First of all, you bind all the variables at the top and then you have essentially a bottom-out else case that looks like this:

NewTray = [L0,L1,L2,L3,L4,L5,L6,L7,L8,L9,L10].

Well, you never assign to NewTray in any of your other cases, so NewTray is going to be uninstantiated most of the time. That does not seem likely to be what you intend to me.

Second, your cases have this structure:

H is 1,replace(L1,T,E,N),L1 = N;

First mistake here is that H is 1; is/2 is for evaluating arithmetic expressions; there's no difference between this and H = 1, and the equivalence of L1 and N means that this whole predicate could probably be written as:

findLine([L0,L1,L2,L3,L4,L5,L6,L7,L8,L9,L10],1,T,E,_) :-
    replace(L1,T,E,L1).
findLine([L0,L1,L2,L3,L4,L5,L6,L7,L8,L9,L10],2,T,E,_) :-
    replace(L2,T,E,L2).
findLine(Line, _, _, Line).

I'm still confused by what you're trying to do, looking at that.
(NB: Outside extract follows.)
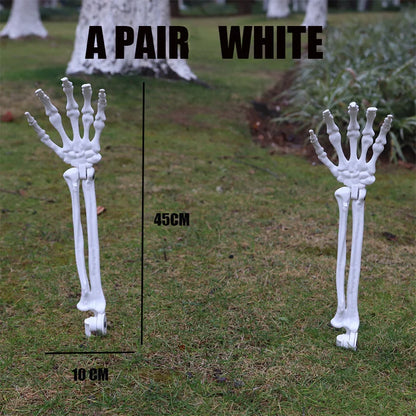 Skeleton Skull & Hands Garden Decoration – Halloween Outdoor Yard Prop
I suspect that you think L1 will have some value on the way into the relation and suddenly have a new, different value after the relation is used. That is emphatically not the case: variables in Prolog are bound exactly once; your assignment L1 = N or whatever is not going to cause L1 to "receive a new value" (because such a thing cannot happen in Prolog); instead it informs Prolog that L1 and N should be bound to the same value. What this means depends on circumstances; if they are both ground and not equal it will cause your predicate to fail, for instance, but if either of them is non-ground they will accept the value of the other.

I'm looking at what you're doing here and I can't help but think that you're essentially trying to do this:

replace([], _, _, []).
replace([H|T], 1, X, [X|T]).
replace([H|T], N, X, [H|Replaced]) :- 
  N > 1, succ(N0, N), replace(T, N0, X, Replaced).

Use it like this:

?- replace([1,2,3,4,5], 3, foo, Result).
Result = [1, 2, foo, 4, 5] 

I just can't for the life of me figure out what you're trying to do, and I don't know why you're bothering to bind all the variables in your list at once if you don't need them all at once.
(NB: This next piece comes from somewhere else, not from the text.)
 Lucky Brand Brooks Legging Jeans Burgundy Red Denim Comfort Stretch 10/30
Anyway, I hope this helps! Maybe if you show us more of what you're trying to do it will be more clear how we can help.

Edit: Elaboration on = and unification

Let's mess around with = and see what happens:

?- X = 3.
X = 3.

Probably nothing surprising about this.

?- 3 = X.
X = 3.

Unification is different from assignment. As you can see, it is not directional. This line would not have worked in any other language.

?- X = [1,Y,3].
X = [1, Y, 3].

Notice that Prolog has no issues with having variables remain free.

?- X = [1,Y,3], Y = 2.
X = [1, 2, 3],
Y = 2.

Now, because Y is the same in both positions, when you bound Y to 2, the middle value in X became 2 as well. There are data structures unique to Prolog that make use of this feature (difference lists).

?- X = [1,Y,3], Q = X, Q = [1,2,3].
X = Q, Q = [1, 2, 3],
Y = 2.

Now what makes this interesting is that we did not explicitly tell Prolog that Y is 2. Prolog inferred this by unification. You can see some more examples of that here:

?- X = [H|T], H = 3, T = [4,5].
X = [3, 4, 5],
H = 3,
T = [4, 5].

So here we said, X is composed of H and T and then told it what H and T are. But Prolog's unification doesn't care much about the order you do things:

?- X = [H|T], X = [1,2,3].
X = [1, 2, 3],
H = 1,
T = [2, 3].

Unification is transitive.

So what happens when Prolog cannot unify?

?- X = [1,Y,3], Q = X, Q = [1,2,3], Y = 4.
false.

Y has to be 2 for the first step, but it has to be 4 for the last step. Once a variable is bound, there's no changing it. This is just a more complex way of saying:

?- X = 2, X = 4.
false.

Prolog does not have "assignables", just variables.